GENEVA (Reuters) - Countries seeking a global pact to simplify and open up worldwide trade are also forging side deals that make commerce more complex, distort flows and put small countries at the mercy of bigger, richer nations.
Diplomats and trade experts say bilateral and regional accords are creating a confusing web of trade links — often described as a “spaghetti bowl” — that may undercut World Trade Organization (WTO) efforts to level the playing field for all.
“Regionalism won’t go away. It will continue to spread,” said Eirik Glenne, Norway’s ambassador to the WTO. But such regional free trade agreements (FTAs) are not the best way to organize world trade told a WTO conference.
The main objection to such small-scale free trade agreements is that they encourage ties between certain pairs and groups of countries at the expense of others, causing producers to use suppliers that may not be the most competitive.
“The spaghetti bowl falls hardest on the heads of the smallest countries,” said Richard Baldwin, a trade expert at Geneva’s Graduate Institute of International Studies.

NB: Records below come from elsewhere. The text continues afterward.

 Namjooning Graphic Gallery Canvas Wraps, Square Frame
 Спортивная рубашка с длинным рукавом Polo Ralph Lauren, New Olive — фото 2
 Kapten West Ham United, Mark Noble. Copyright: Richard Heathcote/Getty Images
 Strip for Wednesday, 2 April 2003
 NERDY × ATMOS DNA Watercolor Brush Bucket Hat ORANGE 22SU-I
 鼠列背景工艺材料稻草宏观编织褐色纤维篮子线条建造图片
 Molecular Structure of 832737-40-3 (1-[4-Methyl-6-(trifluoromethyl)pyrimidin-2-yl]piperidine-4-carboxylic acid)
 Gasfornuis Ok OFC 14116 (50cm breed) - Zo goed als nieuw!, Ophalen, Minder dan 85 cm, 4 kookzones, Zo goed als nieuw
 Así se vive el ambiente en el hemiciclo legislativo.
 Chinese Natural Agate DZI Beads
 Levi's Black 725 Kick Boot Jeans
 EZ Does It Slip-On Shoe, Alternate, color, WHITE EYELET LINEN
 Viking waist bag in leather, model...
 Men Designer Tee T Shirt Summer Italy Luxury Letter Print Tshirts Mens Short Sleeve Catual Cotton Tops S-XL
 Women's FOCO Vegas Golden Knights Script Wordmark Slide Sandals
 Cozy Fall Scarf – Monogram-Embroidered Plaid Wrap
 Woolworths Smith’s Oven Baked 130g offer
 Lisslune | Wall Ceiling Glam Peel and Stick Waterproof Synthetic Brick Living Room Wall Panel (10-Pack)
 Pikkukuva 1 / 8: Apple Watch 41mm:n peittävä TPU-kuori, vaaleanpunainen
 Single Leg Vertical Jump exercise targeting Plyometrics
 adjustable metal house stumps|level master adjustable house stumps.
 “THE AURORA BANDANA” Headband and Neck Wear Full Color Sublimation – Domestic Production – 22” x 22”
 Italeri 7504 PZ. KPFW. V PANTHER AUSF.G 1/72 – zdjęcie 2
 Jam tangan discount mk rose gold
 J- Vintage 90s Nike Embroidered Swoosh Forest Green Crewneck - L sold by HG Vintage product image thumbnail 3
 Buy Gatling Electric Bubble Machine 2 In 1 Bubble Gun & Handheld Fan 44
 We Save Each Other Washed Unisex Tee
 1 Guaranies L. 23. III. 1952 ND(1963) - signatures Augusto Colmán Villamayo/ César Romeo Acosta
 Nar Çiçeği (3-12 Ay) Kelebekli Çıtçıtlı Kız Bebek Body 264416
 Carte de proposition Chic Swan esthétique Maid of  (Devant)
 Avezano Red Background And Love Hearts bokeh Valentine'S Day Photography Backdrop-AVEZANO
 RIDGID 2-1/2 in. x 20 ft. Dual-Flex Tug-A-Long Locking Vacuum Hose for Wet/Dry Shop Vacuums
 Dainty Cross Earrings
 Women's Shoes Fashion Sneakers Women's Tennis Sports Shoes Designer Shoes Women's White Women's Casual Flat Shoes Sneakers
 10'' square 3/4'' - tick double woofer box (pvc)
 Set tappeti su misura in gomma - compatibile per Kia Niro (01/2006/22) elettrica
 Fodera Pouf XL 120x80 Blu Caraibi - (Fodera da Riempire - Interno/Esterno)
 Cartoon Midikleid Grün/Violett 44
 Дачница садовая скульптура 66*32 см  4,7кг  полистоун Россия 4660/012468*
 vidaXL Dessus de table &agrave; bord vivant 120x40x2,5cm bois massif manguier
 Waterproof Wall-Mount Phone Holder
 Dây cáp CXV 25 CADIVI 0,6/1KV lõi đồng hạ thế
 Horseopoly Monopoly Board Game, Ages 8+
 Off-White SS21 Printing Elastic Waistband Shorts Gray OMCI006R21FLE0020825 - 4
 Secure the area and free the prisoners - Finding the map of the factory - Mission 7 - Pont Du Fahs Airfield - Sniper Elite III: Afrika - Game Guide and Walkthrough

Nearly 400 regional and bilateral FTAs are due to be implemented by 2010 and more than 200 are already in force. Only one of the WTO’s 151 member states, Mongolia, is not party to such a deal.
Many export-reliant countries have sought out regional deals out of frustration at the slow pace of the WTO’s six-year-old Doha round of talks, where 151 member states are struggling to agree on ways to lower worldwide tariffs and subsidies.
“The WTO is going in the right direction, but not at the right speed,” Mario Matus, Chile’s WTO ambassador, told a WTO conference this week.
Matus said Chile, which has signed 20 FTAs with about 60 countries, cannot produce efficiently for its home market and needs secure access for its exports abroad to power its economy.
“We’re a young country, we have to go quicker,” he said. “We have to get people out of poverty quicker.”
But regional inter-governmental deals often ignore the reality of modern business, which relies on global supply chains involving dozens of nations.
“Trade is not done between countries, trade is done between companies,” said Michael Treschow, chairman of Swedish telecoms infrastructure maker Ericsson.
Treschow argues trade is so complex it cannot be regulated through bilateral deals but needs worldwide, or multilateral, arrangements, and the WTO is the only body that can handle this.
For Treschow like many diplomats, the answer is a successful conclusion to the stumbling global trade talks known as the Doha round, launched nearly six years ago to revive confidence in the world economy and help developing countries grow out of poverty.
“We have to complete the Doha round first and that’s the most important step,” said Sun Zhenyu, China’s WTO ambassador.
Leaders of 21 Asia-Pacific economies issued a statement last weekend of strong support for the Doha round, but in what many see as a “Plan B” said they would continue to study proposals for a regional free trade area too.
Gary Hufbauer of the Peterson Institute for International Economics in Washington estimates the proposed Asia-Pacific free trade agreement could increase the region’s trade by $4.8 trillion a year, from the average $7.9 trillion in 2000-2005.
Regardless of the outcome of the WTO’s Doha talks, Baldwin of the Graduate Institute of International Studies said bilateral and regional accords would continue to have appeal.
“Even if the Doha round concludes successfully tomorrow, regional trade agreements will continue to be signed,” he said. “The Doha round will do almost nothing to tame the tangle.”
For WTO Director General Pascal Lamy, the question is no longer whether the regional deals are good or bad, but how they can be integrated into the global system.
“We need to look at the manner in which regional trade agreements operate, and what effects they have on trade opening and on the creation of new economic opportunities,” he said.